Well... I knew it was bound to happen only a matter of time next there will be a 240 black widow kit


----------



## ProjectH213 (Dec 6, 2004)

i really can't stand euro lights. i'm just not a big fan of the big dumb red circle look. i can't understand why they stopped making just the all clear and went with this look. i am a fan of the all clear i was looking for them for my 240 but could find them. i've seen them some where on a black car and i think that it looked pretty hot. does anyone here have an idea where i could or might beable to find them??? thanks in advance... i know someones going to flame on this but go ahead flame on....


----------



## Startours7 (Nov 30, 2004)

ProjectH213 said:


> i really can't stand euro lights. i'm just not a big fan of the big dumb red circle look. i can't understand why they stopped making just the all clear and went with this look. i am a fan of the all clear i was looking for them for my 240 but could find them. i've seen them some where on a black car and i think that it looked pretty hot. does anyone here have an idea where i could or might beable to find them??? thanks in advance... i know someones going to flame on this but go ahead flame on....

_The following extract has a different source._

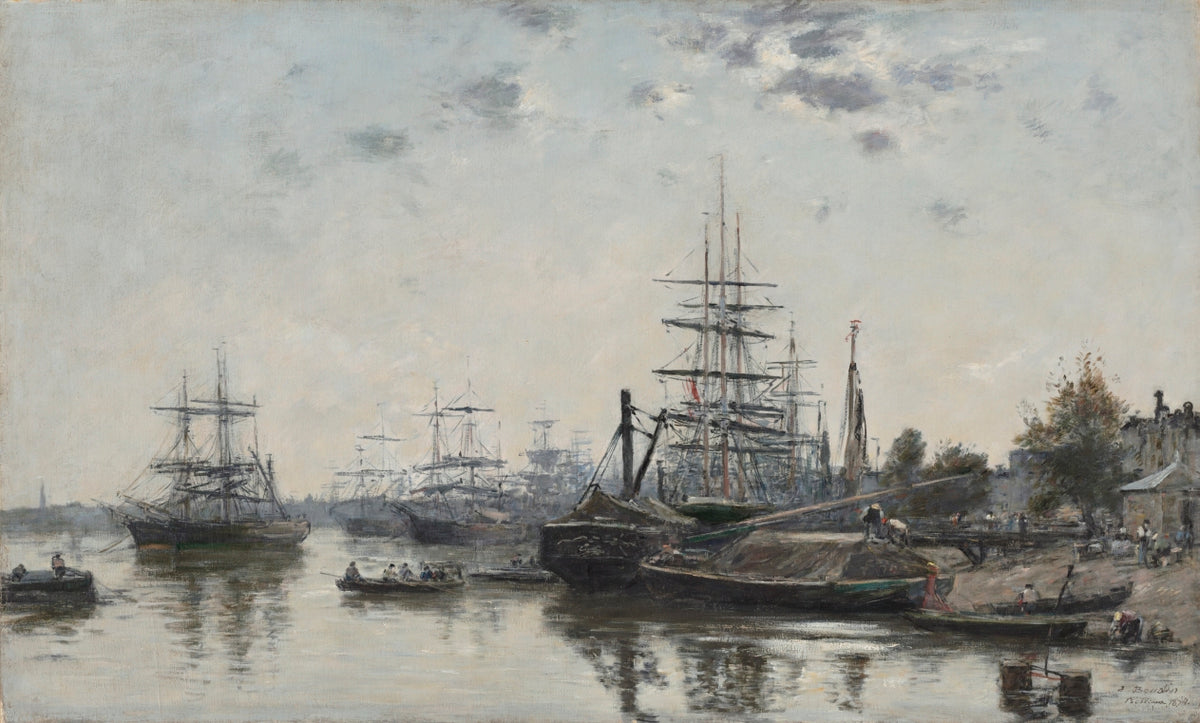View of Bordeaux, from the Quai des Chartrons by Eugène Boudin (French, 1824–1898) - Classic Art canvas print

Yea I hate euro lights to.
Clearcorners.com has some very nice stuff for 240's.
I don't think anything all clear for taillights, but they have very nice red tails with clear turnsingnals in them. High quality stuff. Not cheepo ricer stuff.


----------



## 240luvr (Oct 8, 2004)

Talk about killing a 240... but as stated above it was bound to happen sooner or later. Now that the drift scene has hit the states, everyone is going to try to get their hands on a 240, and they're gonna rice 'em out and think they're fast when they put stickers on them... 

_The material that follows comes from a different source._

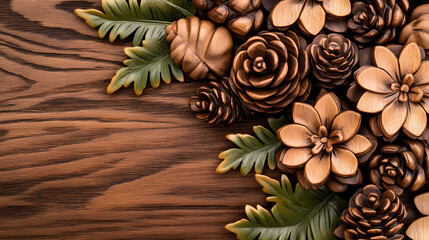 Poster - A beautifully crafted arrangement of wooden pinecones and flowers on a rustic wooden background, showcasing natural textures and earthy tones
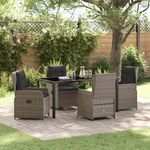 Casa si Gradina - Gradina si terasa - Mobilier exterior - Scaune si sezlonguri gradina - Set de masa pentru gradina 5 pcs Gri poliratan - Infinity.ro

All I can say is everyone here has to just stay original...yeah this shit is out on the market and it'll ruin some morons 240 when he blows 200 bucks on those instead of putting that money towards performance, it's gonna happen, but we all have to keep our 240's clean and simple, keep em original, and keep em fast (whether you're going forward or sideways!)... Stand out in the crowd...be original... JDM forever!!!!! RICERS SUCK!


----------



## bridrive55 (Aug 26, 2004)

DaCheat said:


> Other than the center garnish, i don't think those lights look all that bad, people do it to sentra's altima's and maxima's all the time.
> I think those lights might look good with a Kouki Center piece and a different color paint on the car.


What? Euro style lights come stock on Altimas. I should know, I have one.


----------



## JDM240Turbo (Jan 21, 2005)

I'm going to get bright blue headlamps, clear corners, and clear blinkers as well. I'm not changing the rear of my car, especially with those tacky things.


----------



## Kelso (Apr 29, 2003)

its not the first case of altezza's on a 240. ive seen some online before and these ones look better but still i hate them. and to all of you: the 240 isnt just "all about drifting" thats the most sterotypical thing ive heard about 240's and its what all the ricers say. " do you have an sr20? do you drift?" yea i just got done taking a turn sideways at 100 miles an hour with my 2 thousand horsepower sr


----------



## bridrive55 (Aug 26, 2004)

Kelso said:


> its not the first case of altezza's on a 240. ive seen some online before and these ones look better but still i hate them. and to all of you: the 240 isnt just "all about drifting" thats the most sterotypical thing ive heard about 240's and its what all the ricers say. " do you have an sr20? do you drift?" yea i just got done taking a turn sideways at 100 miles an hour with my 2 thousand horsepower sr


What kind of engine do _you_ have in your S13? I know, I know... About a thousand people have asked me if I have an SR... And a thosand people have asked me if I drift... And I've always said no to both of them. I think drifting is cool. It's not my thing, but it's cool. The 240 _is_ a great car for drifting... 
There is something fishy here... The number of jackasses that tell all their friends that they can drift probably has something to do with the number of jackasses that ask you if you can drift. I'm just saying there's a cause here, and it's not real drifters, who drive AE86's. It's people with KA24DE's with high mileage and an open diff and stock suspension who downshift during a corner and press it really hard to get a little squeak out of the tires in effort to impress their lame friends, who probably drive Honda's.
If you ever see me coming around a corner at 45 degrees, you won't need to remind me that I suck at driving... Oversteer isn't the fastest way around.


----------



## 240luvr (Oct 8, 2004)

I never said that 240's were all about drifting...I'm just saying that since the drift scene hit the states (which happens to have a hell of a lot of 240's in it) all the ricers wanna try it...I never stated that 240's were "all about drifting"... I realize that they can be used for drags, street courses, and so on and so forth... Actually I don't even want to drift w/ my car, I wanna just run it on street courses, they're more fun than killin' my tires slidin' sideways...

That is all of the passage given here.